Here is what each test covers:

  • test_ch9_registry_all_tools – Builds a ToolSet with all 6 tools. Verifies len() is 6 and each tool is retrievable by name. Also checks that looking up a nonexistent name returns None.

  • test_ch9_registry_definitions – Builds a ToolSet with 3 tools. Calls definitions() and verifies all 3 schemas are present with correct names.

  • test_ch9_registry_names – Builds a ToolSet with GlobTool and GrepTool. Calls names(), sorts the result, and verifies the expected names.

  • test_ch9_read_only_tools – Builds a ToolSet with 5 tools. Filters by is_read_only(). Verifies that read, glob, and grep are read-only, while write and bash are not.

  • test_ch9_destructive_tools – Checks the is_destructive() flag on individual tools. BashTool is destructive. WriteTool and ReadTool are not.

  • test_ch9_engine_with_file_tools – The full integration test described above. Three-turn interaction: write a file, read it back, return a final answer. Verifies both the engine output and the file on disk.

  • test_ch9_engine_with_bash – Two-turn interaction. The LLM calls bash("echo hello-from-bash"), the engine executes it, and the final answer references the output.

  • test_ch9_engine_unknown_tool_recovery – The error recovery test described above. The LLM hallucinates a tool, gets an error, and recovers gracefully.

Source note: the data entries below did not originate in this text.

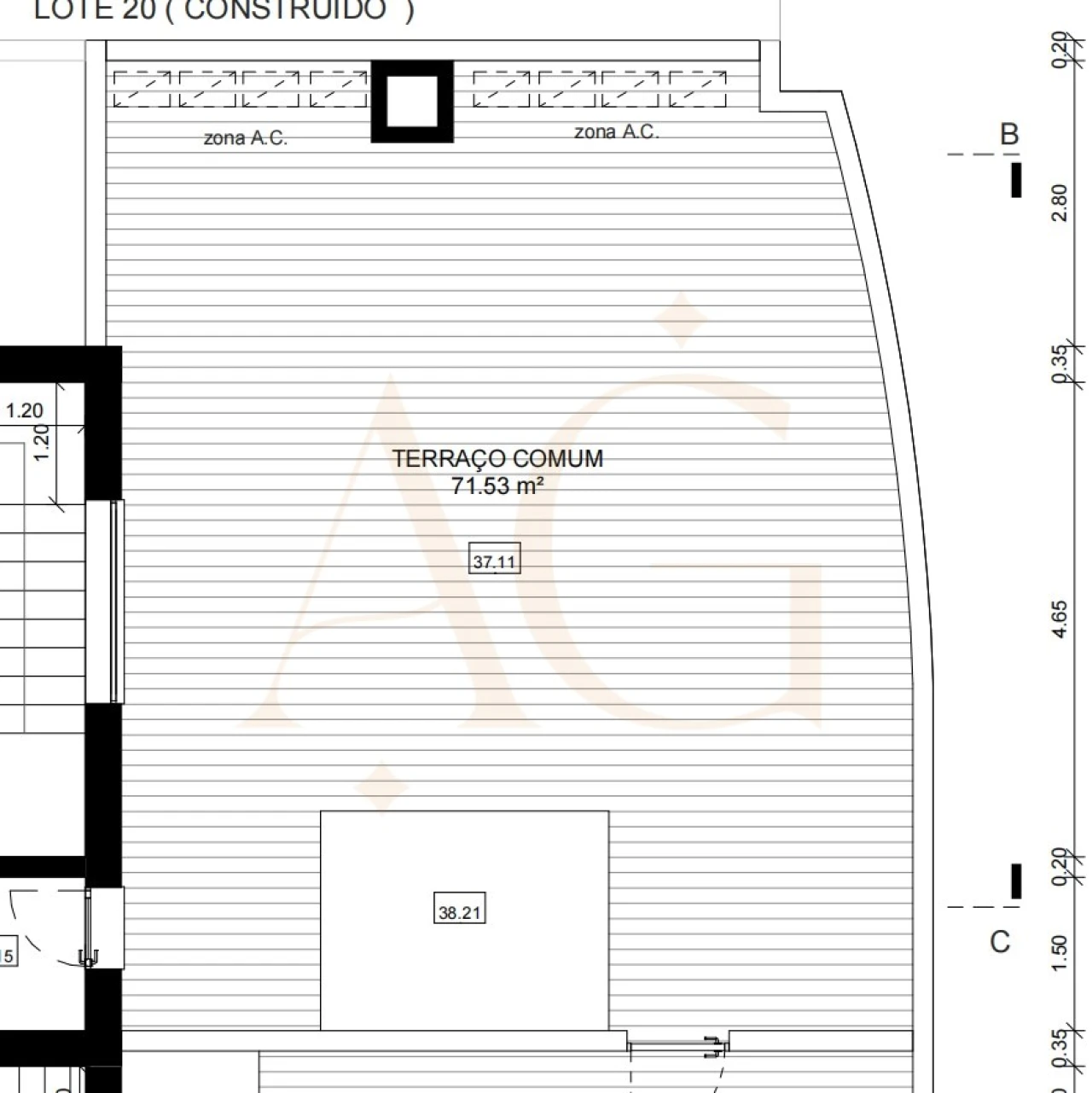 Apartamento T3 para Venda em Tavira (Santa Maria e Santiago) Foto 13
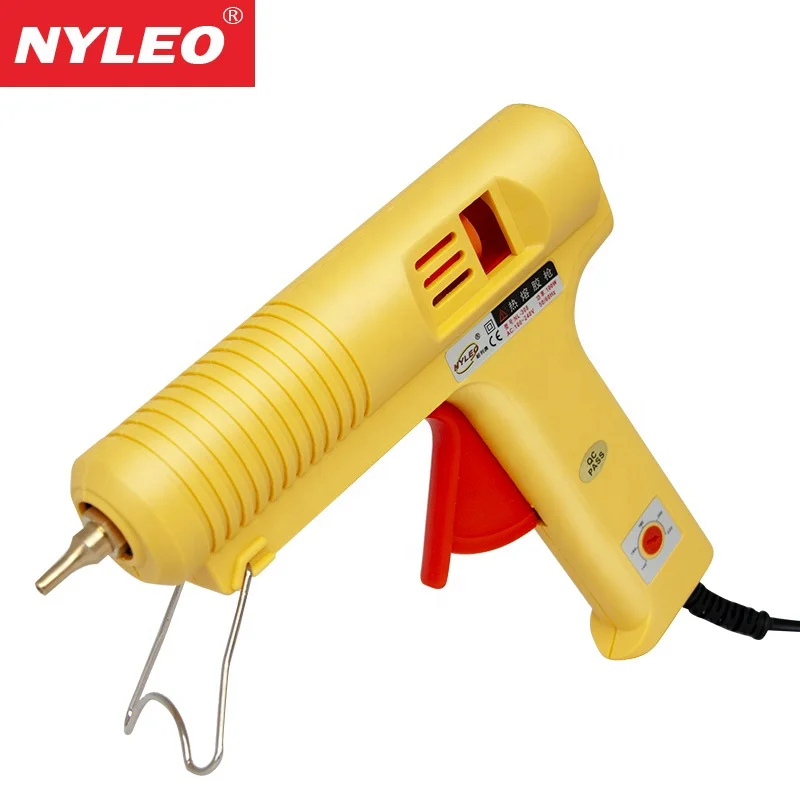 professional hot glue gun  100w Adjustable Temperature  glue gun  for industrial
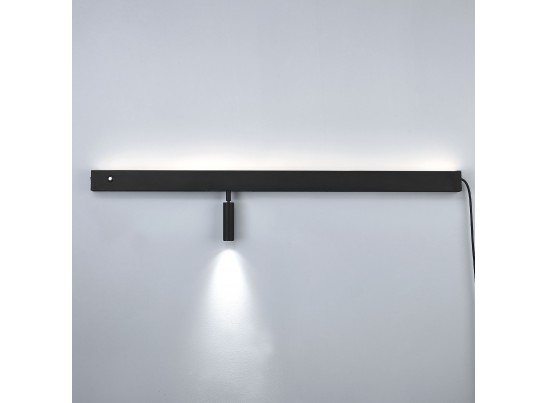 Светильник настенный 230В (1000мм) бэк-лайт 24В 5Вт+спот-лайт 24В 7Вт Fiume Spot Lightstar 810647 в Каменске-Уральском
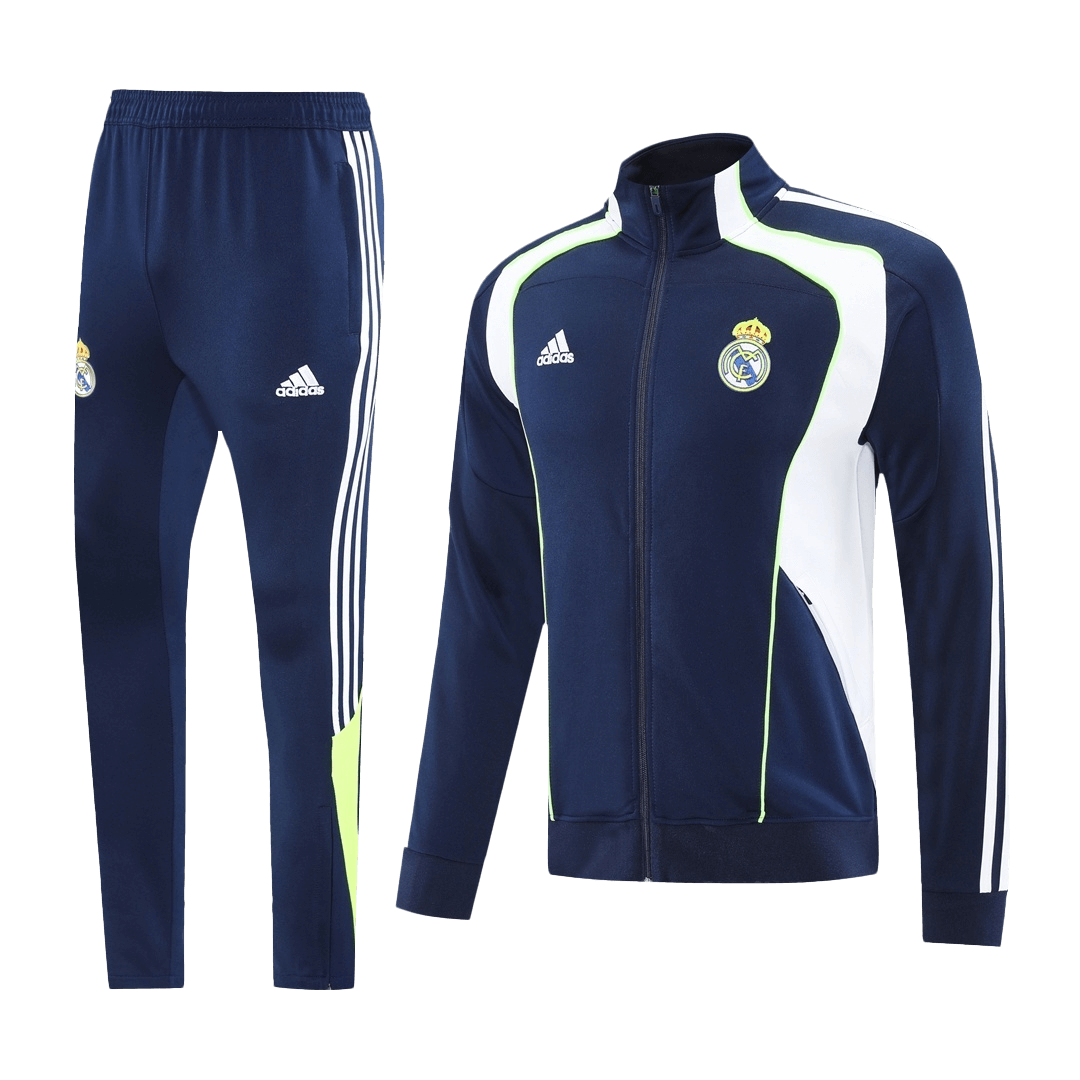 Real Madrid Training Jacket Kit (Jacket+Pants) 2025/26 - Soccerdeal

  • test_ch9_default_toolset_builder – Defines a default_tools() helper function, builds the tool set, and verifies that all 6 tools have non-empty names and descriptions.


Recap

Part II is complete. Over four chapters you built every tool a basic coding agent needs:

  • ReadTool reads files with line numbers, offsets, and limits.
  • WriteTool creates and overwrites files, creating parent directories as needed.
  • EditTool performs surgical string replacements within existing files.
  • BashTool executes shell commands with timeout support and exit code reporting.
  • GlobTool finds files by pattern matching across the directory tree.
  • GrepTool searches file contents with regex and context lines.

In this chapter you wired them all together through the ToolSet registry and connected them to the QueryEngine. The engine can now receive a user prompt, send it to the LLM with all six tool schemas, execute whatever tools the model requests, and loop until the model produces a final answer. You have a working coding agent.

But a working agent is not a safe agent. Right now, the engine executes every tool call the LLM requests without question. If the model decides to bash("rm -rf /"), the engine runs it. If it writes over your source files with garbage, the engine writes. There are no guardrails, no confirmation prompts, no safety checks. The tool flags (is_read_only, is_destructive) exist but nothing enforces them.


What’s next

Part III – Safety & Control – adds the guardrails that turn a working agent into a trustworthy one:

  • Chapter 10: Permission Engine – The system that checks every tool call before execution. It evaluates permission rules, respects the permission mode, and asks the user when needed.
  • Chapter 11: Safety Checks – Static analysis of tool arguments. Catches dangerous patterns (rm -rf, git push --force) before the permission prompt even appears.
  • Chapter 12: Hook System – Pre-tool and post-tool hooks that run shell commands around tool execution. Lets users enforce custom policies (run linters after edits, block certain paths).
  • Chapter 13: Plan Mode – A restricted execution mode where only read-only tools run. The agent can analyze and plan but never modify. This is where is_read_only() finally gets enforced.

The tools you built in Part II are the hands. Part III teaches the agent when to use them – and when not to.